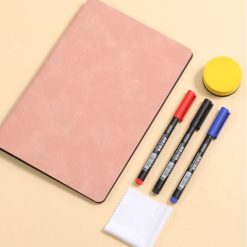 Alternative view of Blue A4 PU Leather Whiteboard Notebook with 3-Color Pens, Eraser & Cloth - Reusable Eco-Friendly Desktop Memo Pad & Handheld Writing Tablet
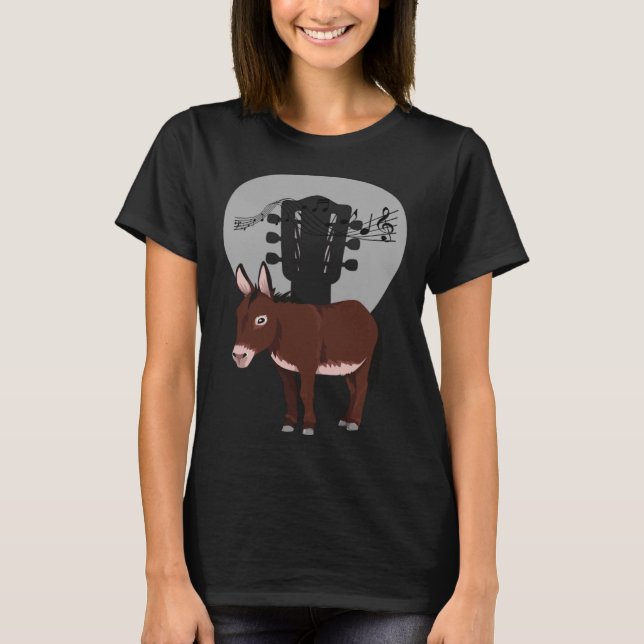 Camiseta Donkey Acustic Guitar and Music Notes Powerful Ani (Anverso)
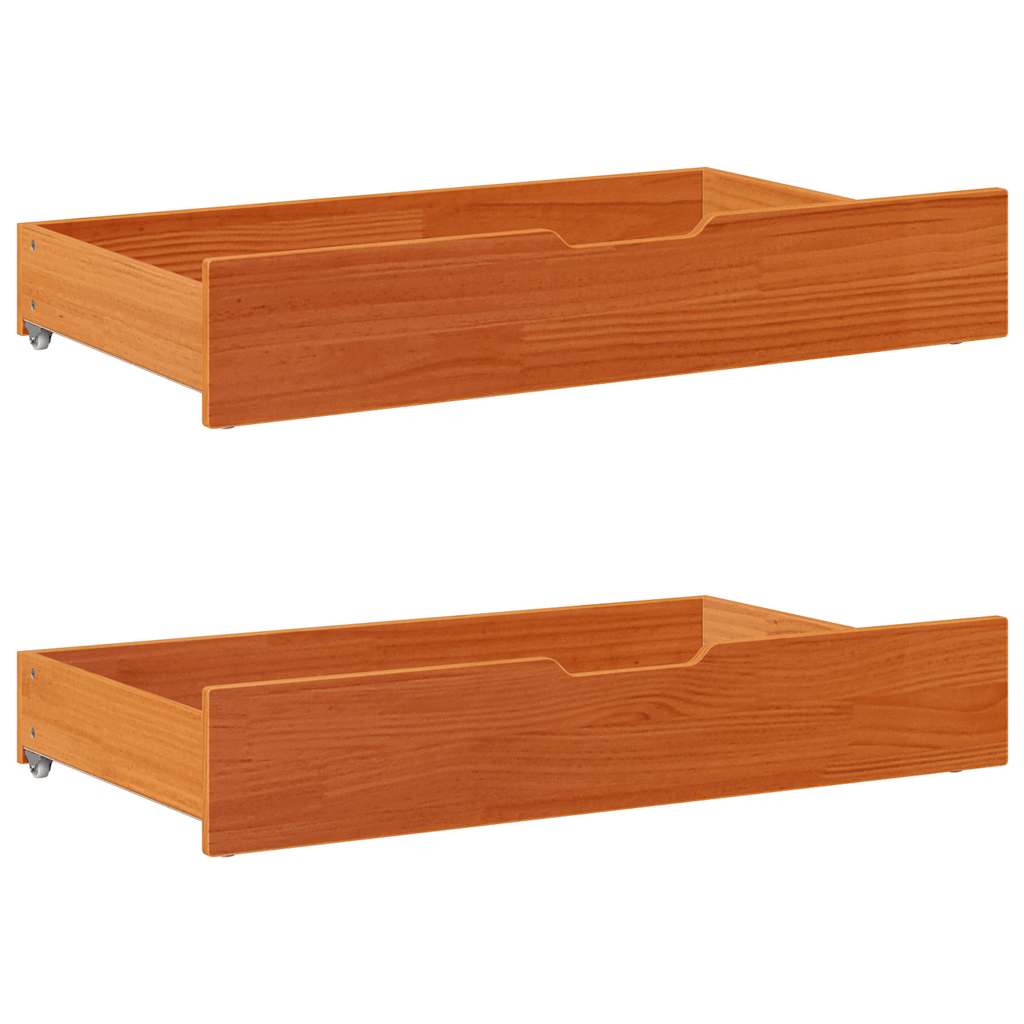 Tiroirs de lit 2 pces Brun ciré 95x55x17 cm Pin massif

--

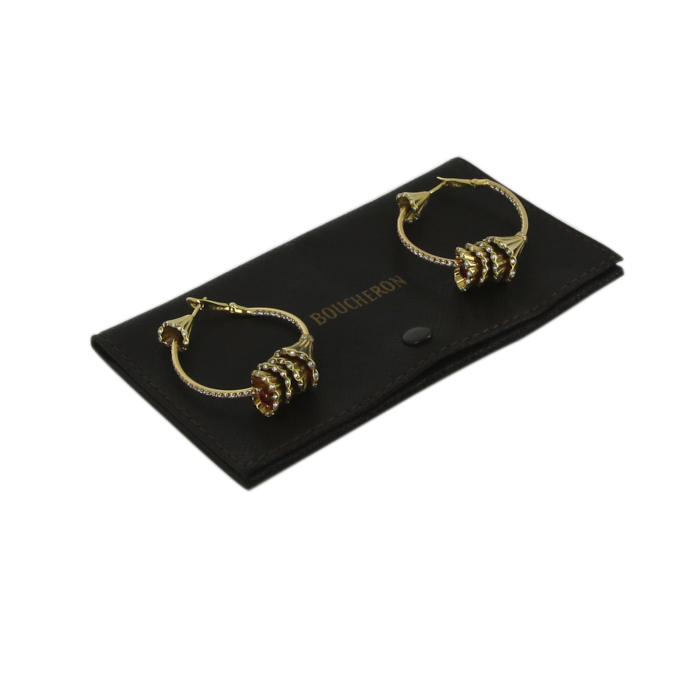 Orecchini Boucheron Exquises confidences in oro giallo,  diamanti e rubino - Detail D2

_DIRECTIONS FOR THIS TASK_
Quote the lines above exactly, starting with the one that has "Alternative view of" and ending with the one that has "Tiroirs de lit"; drop the pictures and include nothing else.

_ANSWER SPACE_
 Alternative view of Blue A4 PU Leather Whiteboard Notebook with 3-Color Pens, Eraser & Cloth - Reusable Eco-Friendly Desktop Memo Pad & Handheld Writing Tablet
 Camiseta Donkey Acustic Guitar and Music Notes Powerful Ani (Anverso)
 Tiroirs de lit 2 pces Brun ciré 95x55x17 cm Pin massif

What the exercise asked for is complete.